Claire Margerison, founder of Independent Carers, a UK-based service supporting and equipping self-employed carers

It is strange the paths the mind takes. Talking with Claire Margerison, founder of Independent Carers, a UK-based service supporting and equipping self-employed carers brought me back to the galaxy of candies of my childhood. Before globalization took over, candies represented a land of experimentation: they came in every colour, shape, size, texture, and flavour. It might have just been the last chapter of the entrepreneurship of the fifties, but my childhood was filled with a universe worthy of Willy Wonka’s fantasy. There were soft and hard candies. Candies that came in a bag and candies wrapped in thin plastic sheets, some in single and some in double layers. Candies I loved and candies I hated. There were candies available in “twin” tastes, orange and lemon. There was the mint constellation and the candies in the shape of miniaturized fruits. Under their artistically decorated surface, their white interior hid specks of tartness that made the taste more interesting. I loved the soda sweets with their zig-zag sealed square packages and always challenged myself not to bite into them nor into the blackberry jellies - my all-time favourites. A white paper bag contained the tiniest sugar cones in pastel colours - light pink, yellow, purple, green, and white. Their sugar-crusted layer was filled with rose-infused syrup and their fragility made them the most sublime of all. 

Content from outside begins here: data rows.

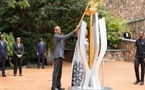 Génocide des Tutsis: Paul Kagame appelle à «rejoindre le Rwanda dans le combat contre l’extrémisme»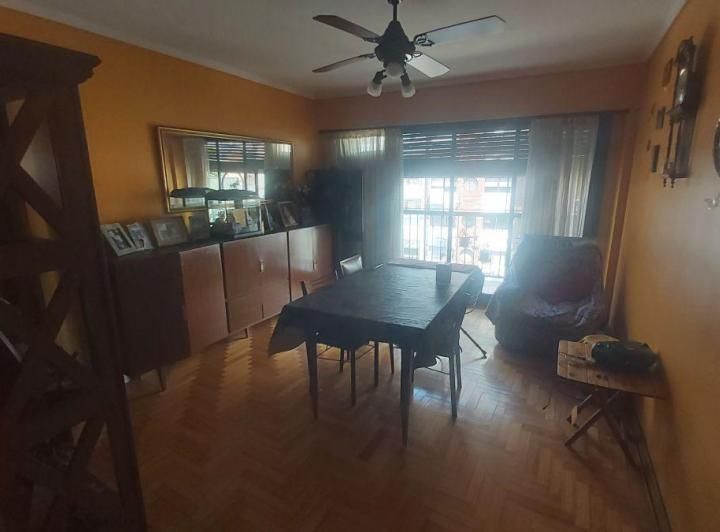Departamento · 63m² · 3 Ambientes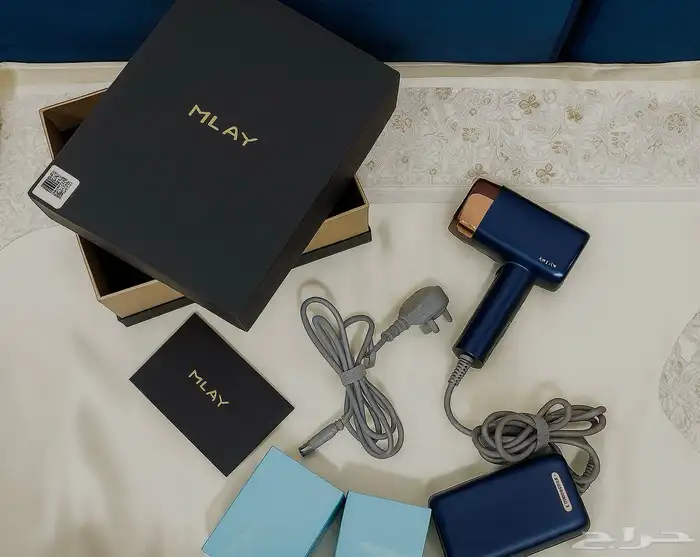 جهاز ليزر MLAY 0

Then there were the tiny licorice candies called, in spite of their size, Goliath. They were wrapped individually in white paper with a green star on top. For a person who still doesn’t like licorice, this tiny candy is a rare find in the memory box. But it was inevitable considering that Claire resembles to me a David in front of the Goliath of institutionalized care. She’s fresh, direct, and full of life, and her story made me reflect upon the value of ingenuity and the need for taking change in our own hands, rather than considering the state as “the key driver of innovation,” as the economist Gustavo Sugahara pointed out in a previous conversation. Also, Claire made me realize an overlooked aspect of ageism, that is, how much age discrimination is intertwined with sexism and easing one issue will inevitably bring a positive change to the other one.

Tell us about yourself.

My background is not about care. By trade I’m an HR and training specialist. For twenty years, I’ve been running training courses for lots of different organizations, for their management population. I train managers in Leadership, HR and Performance Management. Part of my family was involved with care, my brother and sisters were all involved at some time in care. They all worked in domiciliary care with people with learning and physical disabilities. A friend of mine has a brother with learning disabilities and he’s supported in his own home. I gave some support from a HR perspective, because he got direct payments, and I helped to recruit the staff.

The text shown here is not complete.